Keir Dullea, played astronaut Dave Bowman
One day in the early 1960s, I had my palm read at a funfair. The palmist saw a rocket ship in my future. Then my agent called and said I’d been offered the lead in Stanley Kubrick’s next film. When I started reading the script, something felt terribly familiar. As a teenager, I had read The Sentinel, a short story by Arthur C Clarke – and that was the starting point for Kubrick’s film.
The first day of shooting ended up being delayed because Kubrick didn’t like my shoes. The wardrobe came up with the right pair real fast. I felt awed working with him and he picked up that I was tense – which is terrible for an actor. After a week, he took me aside and said: “Keir, you’re everything I’m looking for.”
The rotating living quarters of the Discovery spacecraft were built by Vickers. They were 70ft across and turned at 3mph. The camera tricks the crew used to simulate centrifugal force were ingenious. There’s a scene where I climb down a ladder and, at the other side of the screen, you see the other astronaut sitting at a table upside-down. It looks as if I walk round towards him, until I’m upside-down too, but they actually rotated the set, and him, round to me. He seems to be eating normally – but only because they’d glued his food to his fork.

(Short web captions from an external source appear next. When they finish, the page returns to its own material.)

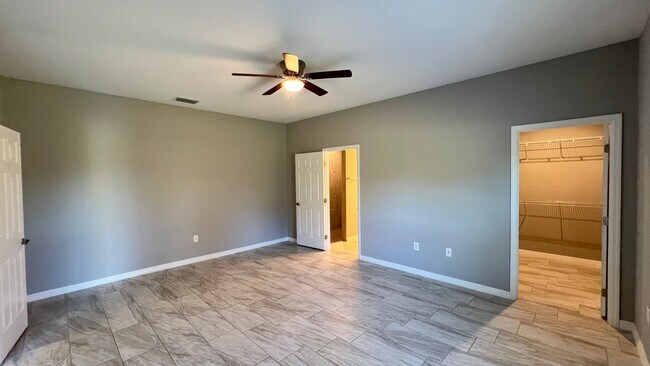 Building Photo - Beautiful 3 Bedroom Palm Bay Home with Upgrades & No Water Bill!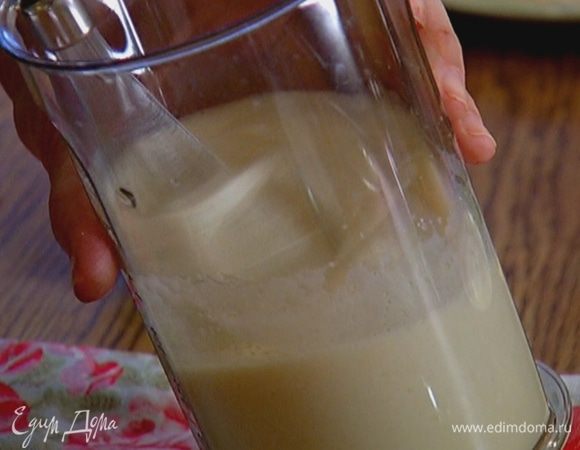 Яйца с сахаром взбить миксером в пышную, светлую массу.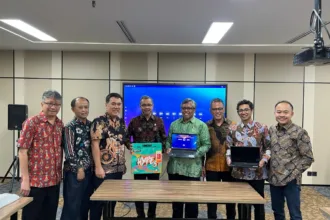 Laptop Merah Putih
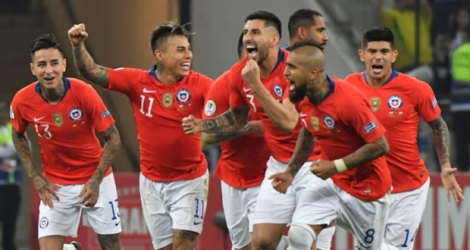 Les Chiliens célèbrent leur victoire après le dernire tir au but, en quart de finale de la Copa América contre la Colombie, le 28 juin 2019 à Sao Paulo.
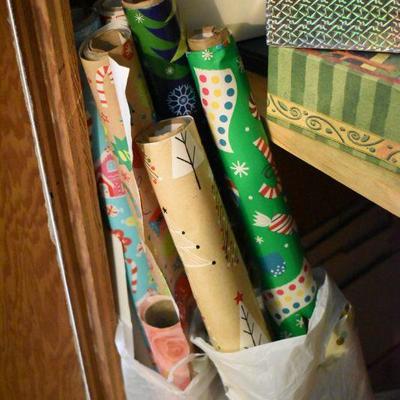 Lot G-137:  Gift Wrap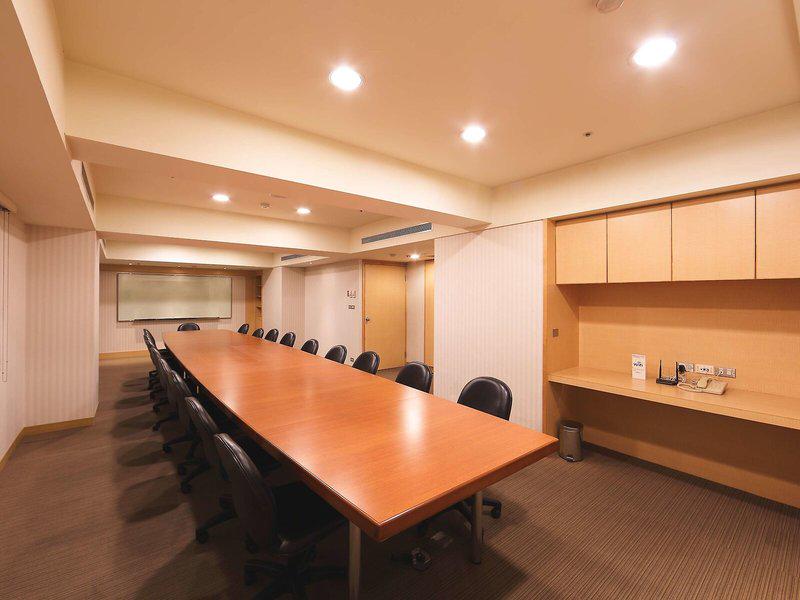 6AEB32F9065989983ADA1581957CE47F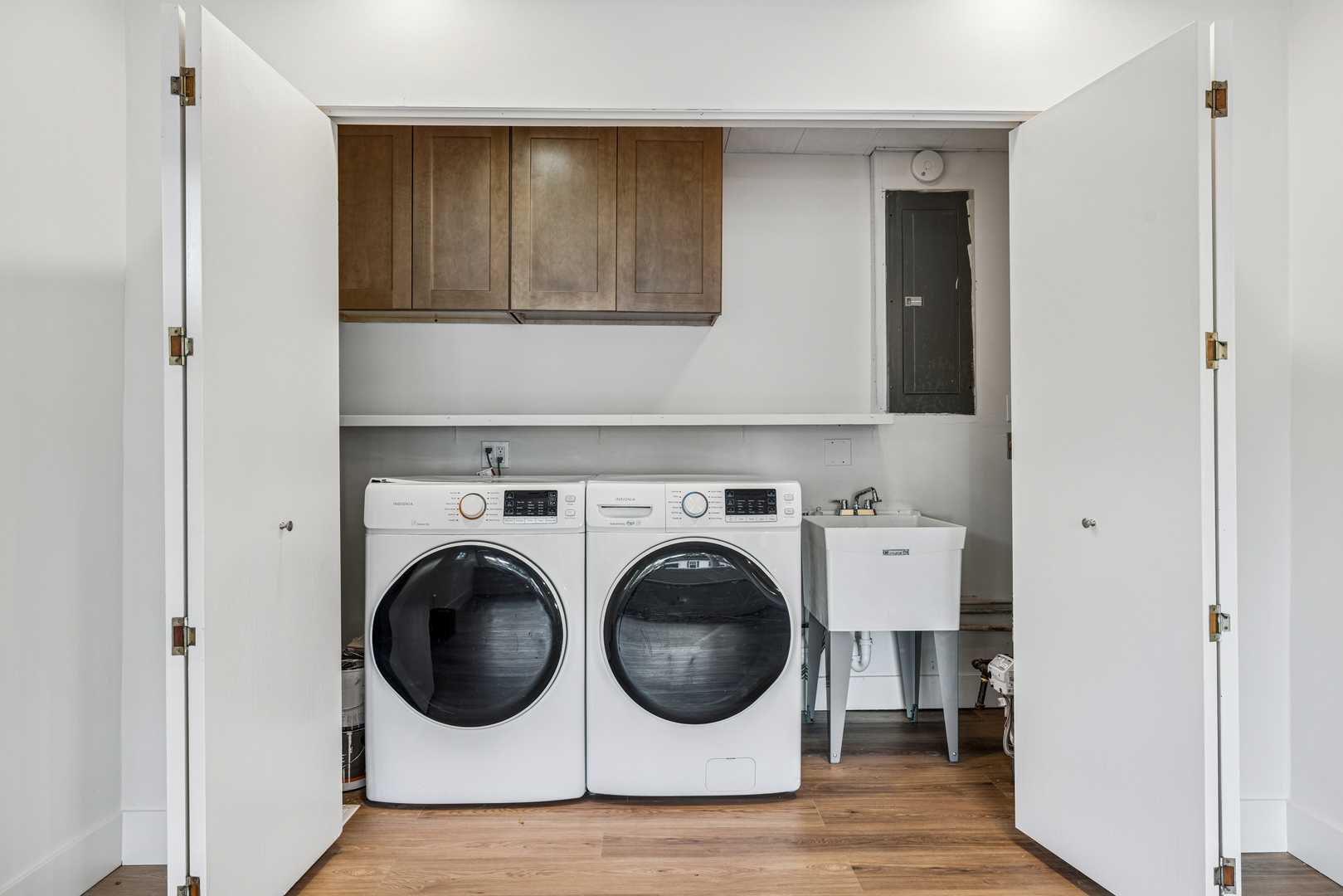 705 Ash Road, Hoffman Estates, IL 60169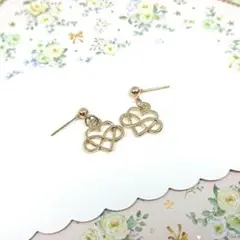 Item thumbnail for item 94d0feec-ddab-42dc-b600-d2e1e4ab5753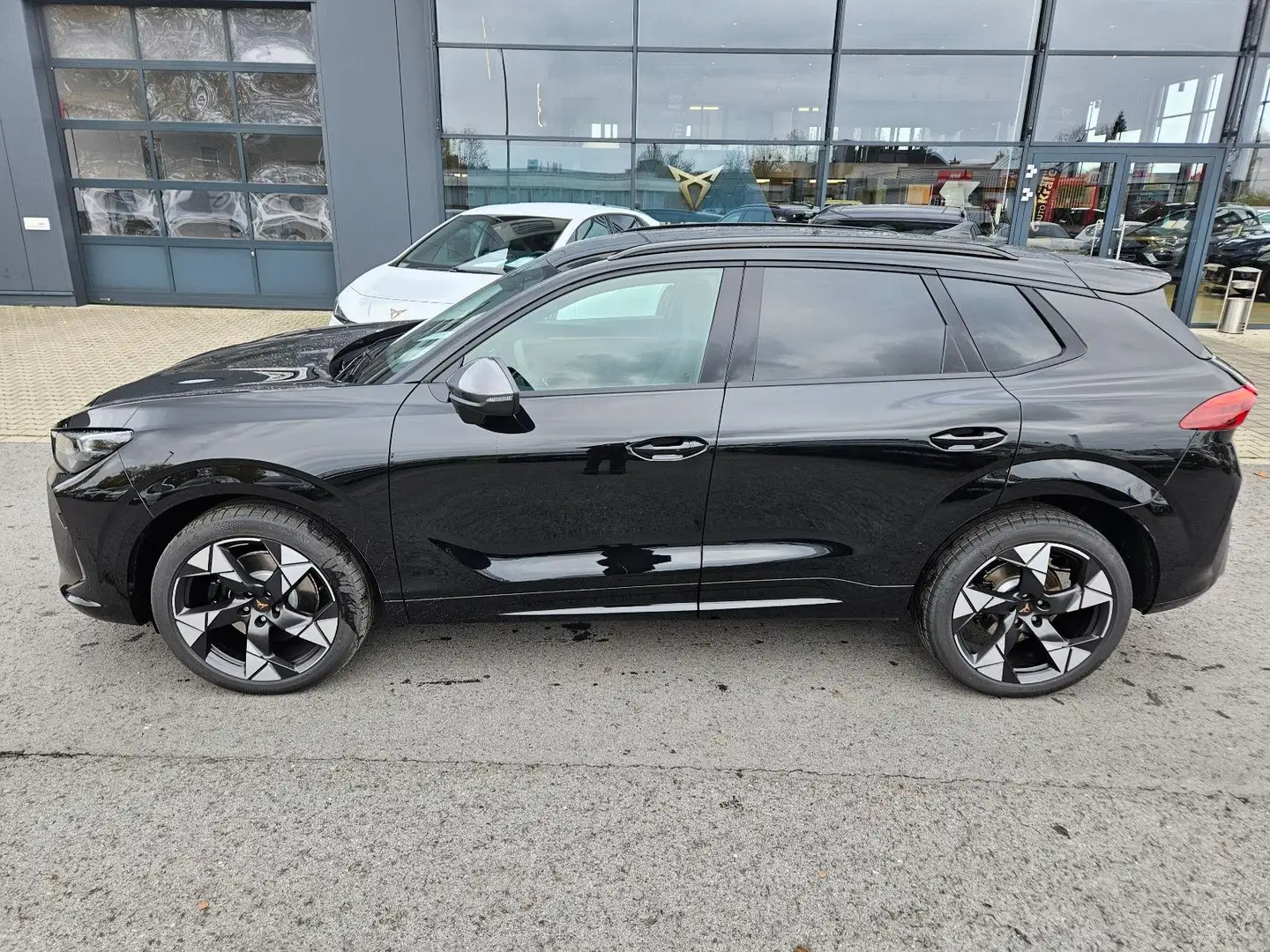 CUPRA Terramar 2.0 TSI DSG 4Drive VZ *AHK*20"Zoll ... Schwarz - 2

‘I’m sure I must have watched it while I was high’ … Keir Dullea as Dave Bowman. Photograph: Alamy
The film was very prescient about the dangers of AI. Kubrick didn’t know the exact voice he wanted for Hal, the computer that goes rogue, but we needed something to work with for shooting. Eventually, he turned to the first assistant director, who was from east London, and said: “You do the voice for the boys.” So Hal sounded like an eastender at first. “I fink you know what the problem is,” he’d say in a cockney accent, “just as well as I do.”
The film got mixed reviews. Lots of people walked out of the premiere, including Rock Hudson. “What is this bullshit?” he said. But a few months into the release, they realised a lot of people were watching it while smoking funny cigarettes. Someone in San Francisco even ran right through the screen screaming: “It’s God!” So they came up with a new poster that said: “2001 – the ultimate trip!” I’m sure I must have watched it while I was high. But not at the premiere.

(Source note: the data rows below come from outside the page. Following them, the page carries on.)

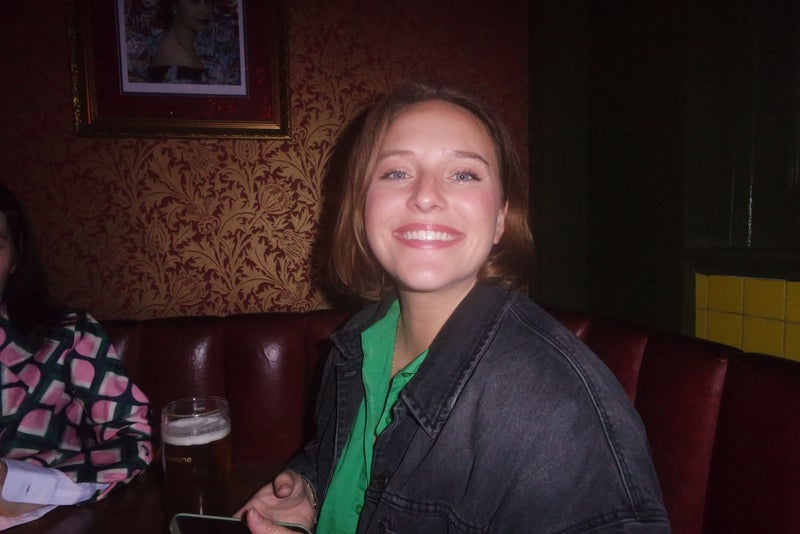 Photo 1: Pub with friends!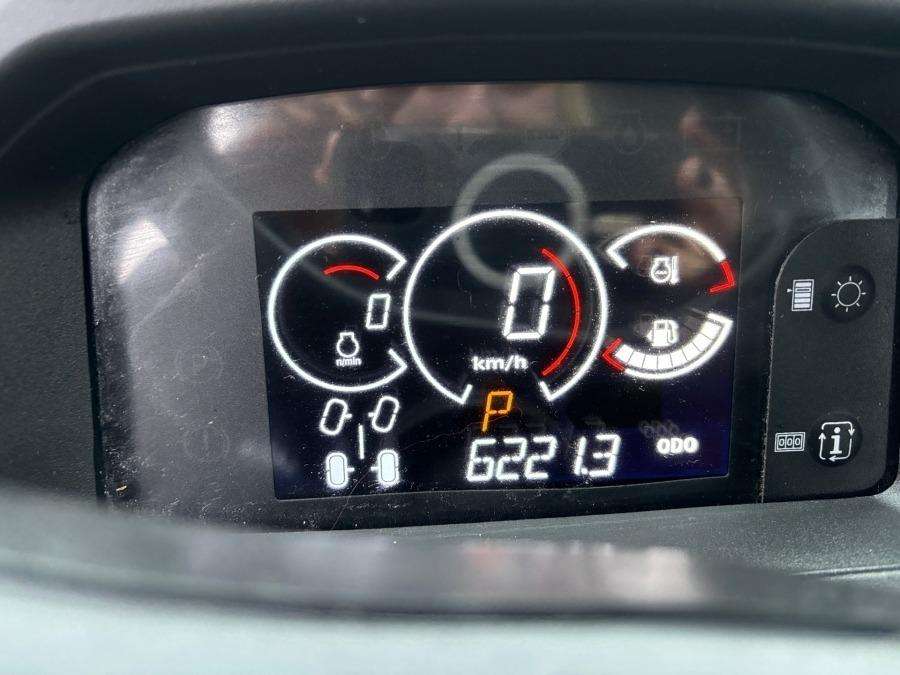 2021 John Deere Gator XUV865M UTV - Image 21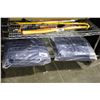 Image 2 : 2 BAGS WITH FURNITURE PADS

Douglas Trumbull, visual effects supervisor
The production cost $10m and was like a huge research and development project to get to the moon. If anybody had known how difficult it was going to be, it would probably never have been approved. But in the 50 years since, the film has had a profound effect, particularly the idea of making contact with any intelligent civilisations out there. I meet astrophysicists almost every week who say that they went into their line of work because of 2001.

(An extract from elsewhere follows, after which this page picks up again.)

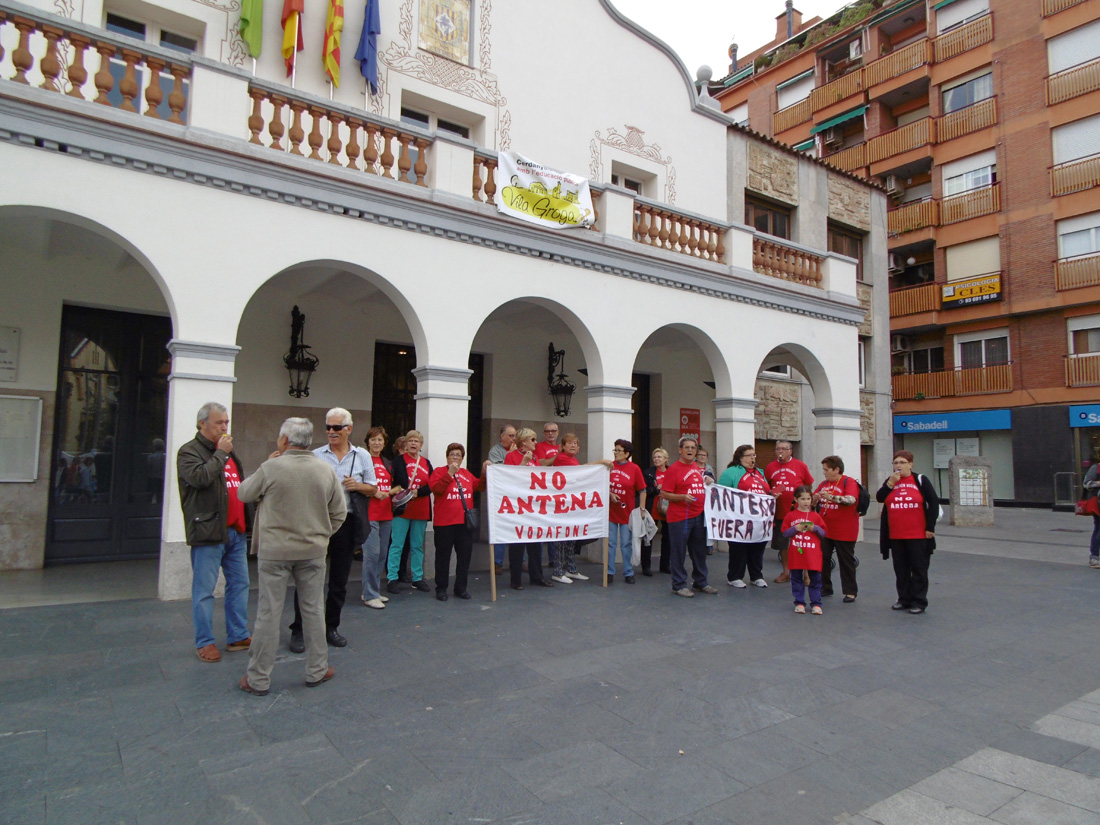 Els antiantenes reprenen mobilitzacions a l'espera de notícies de Vodafone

I was only 23 but Kubrick kept giving me more and more complicated tasks. I would design lunar landscapes and miniature spaceships, painting on cladding and adding exhaust markings to fuselages. I was in close contact with NASA advisors, and one of the other designers, Harry Lange, had worked on real spacecraft for Wernher von Braun [maker of V-2 rockets for the Nazis]. Then one day Kubrick said: “Why don’t you shoot the moonbus landing?” I was moving up.
There were no computer-generated effects in those days. Everything had to happen in front of the camera. Since the film was shot on 70mm Cinerama, and would play on screens that could be 100ft wide, every irregularity would be seen. So quality control was utmost in Kubrick’s mind, but it was expensive and time-consuming. He was a genius but even he was right at his limit. He asked IBM to make an algorithm to help with the production process. They analysed it for two weeks and said: “There’s no way, Stanley. There’s too many things changing every day.”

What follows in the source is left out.